Problem details: Beneath this instruction is a block of data; output from it exactly the lines that run from the one containing "cbr 600: Два" through the one containing "Women_Blue_Floral_Hand-Embroidered_Chikankari_Mulmul_Kurta", inclusive.

Data shown:
_ _ _ _

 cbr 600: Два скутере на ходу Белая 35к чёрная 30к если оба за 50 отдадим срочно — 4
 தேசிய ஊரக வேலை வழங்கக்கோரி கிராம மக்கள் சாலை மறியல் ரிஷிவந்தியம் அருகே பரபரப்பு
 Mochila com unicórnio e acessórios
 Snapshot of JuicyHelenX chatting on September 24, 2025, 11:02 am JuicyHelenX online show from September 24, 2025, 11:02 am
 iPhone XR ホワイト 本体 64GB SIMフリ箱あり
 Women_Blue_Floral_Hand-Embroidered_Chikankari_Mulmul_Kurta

_ _ _ _

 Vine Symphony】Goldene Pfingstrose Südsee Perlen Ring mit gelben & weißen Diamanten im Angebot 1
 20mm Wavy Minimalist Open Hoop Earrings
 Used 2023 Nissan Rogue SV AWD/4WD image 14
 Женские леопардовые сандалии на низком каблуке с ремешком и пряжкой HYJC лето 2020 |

_ _ _ _

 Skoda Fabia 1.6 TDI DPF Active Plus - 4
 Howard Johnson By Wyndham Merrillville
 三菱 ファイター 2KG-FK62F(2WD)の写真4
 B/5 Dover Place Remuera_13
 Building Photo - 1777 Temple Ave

_ _ _ _

Response:
 cbr 600: Два скутере на ходу Белая 35к чёрная 30к если оба за 50 отдадим срочно — 4
 தேசிய ஊரக வேலை வழங்கக்கோரி கிராம மக்கள் சாலை மறியல் ரிஷிவந்தியம் அருகே பரபரப்பு
 Mochila com unicórnio e acessórios
 Snapshot of JuicyHelenX chatting on September 24, 2025, 11:02 am JuicyHelenX online show from September 24, 2025, 11:02 am
 iPhone XR ホワイト 本体 64GB SIMフリ箱あり
 Women_Blue_Floral_Hand-Embroidered_Chikankari_Mulmul_Kurta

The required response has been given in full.